The easiest remedy would be to build up America’s military presence in the Persian Gulf, something the Obama administration did in its first term. But with budget pressures and President Obama’s avowed desire to shift America’s foreign policy focus to Asia, that is less realistic this time. While Mr. Kerry spoke Monday about protecting America’s friends here, he did not mention aircraft carriers or Patriot missile batteries.
Failing that, Mr. Danin said, there were other steps the United States could still take, including back-channel communications with allies and highly visible diplomatic gestures. After negotiating past midnight on Sunday in Geneva, Mr. Kerry flew six and a half hours to have dinner with the crown prince of the Abu Dhabi, Mohammed bin Zayed. Mr. Kerry’s chief negotiator, Wendy R. Sherman, went straight to Jerusalem to brief officials and journalists about the negotiations.
Standing next to Mr. Kerry in Abu Dhabi, the Emirati foreign minister, Abdullah bin Zayed, said he was satisfied with the level of consultation with the United States on Iran. He offered Mr. Kerry polite encouragement to keep trying for a deal, though he left little doubt he would oppose any agreement that would give Iran the right to enrich uranium.
Citing the nuclear agreement the United Arab Emirates has with the United States as a model for other countries in the region, the foreign minister said, “We have accepted not to enrich.”
Negotiations in Geneva faltered in large part over Iran’s push for language that would give it a formal right to enrichment, according to Western diplomats. But given that Iran already has 19,000 centrifuges, many experts and former administration officials say that such an accommodation will inevitably have to be part of a final agreement.

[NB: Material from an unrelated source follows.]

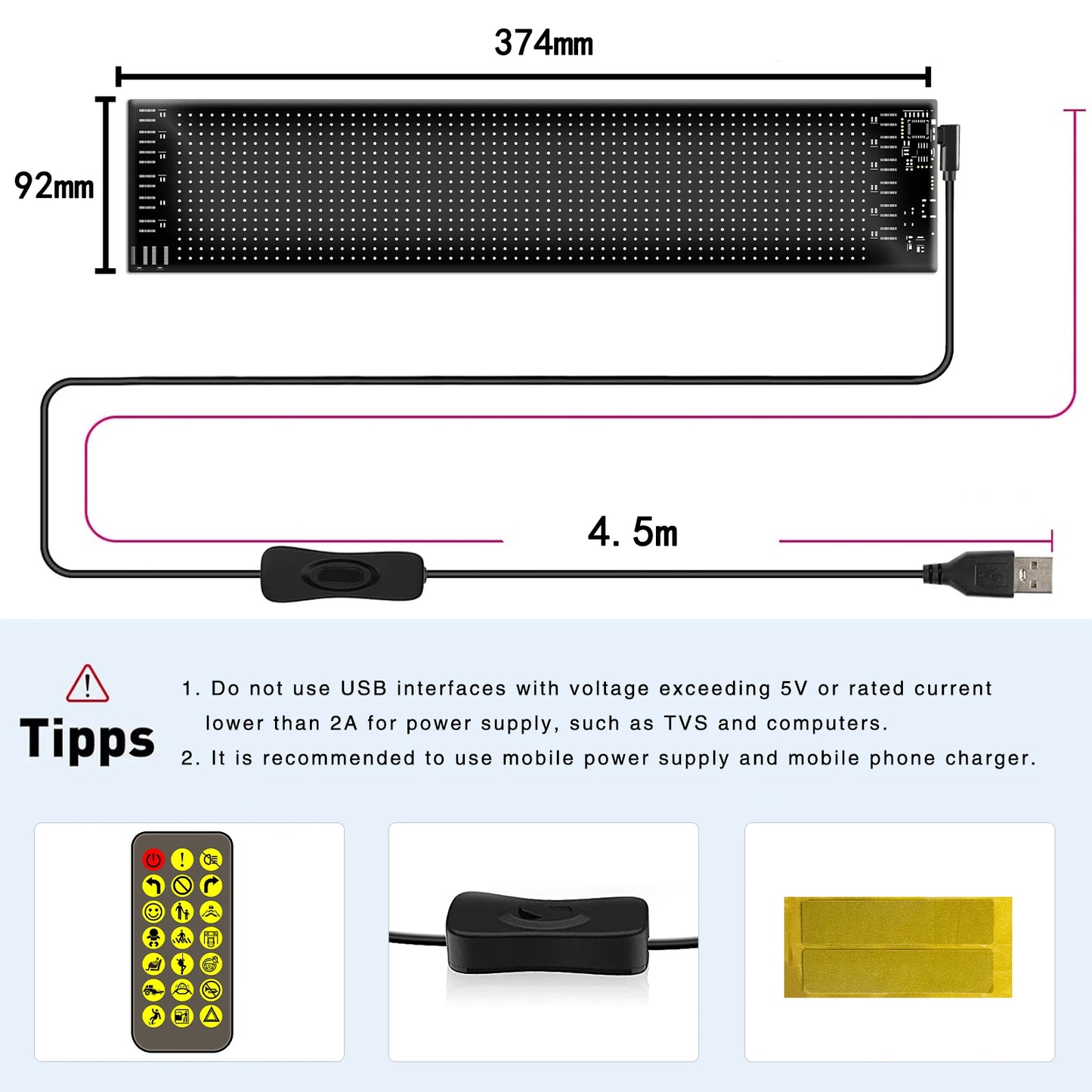 LED Sign Matrix Pixel Panel Scrolling Bright Led Eyes For Truck Signboard Flexible USB LED Car Sign Bluetooth App DIY Control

Persuading Israel, Saudi Arabia and members of Congress to go along with that, analysts say, will require a lobbying campaign far more intense than the one Mr. Kerry is now waging. To succeed, some said, the administration will need to bring in a bigger gun.
“President Obama himself will have to step up and lead this effort,” said Cliff Kupchan, an Iran expert at the Eurasia Group, a risk consultancy. “U.S. assurance will have to come from the very top.”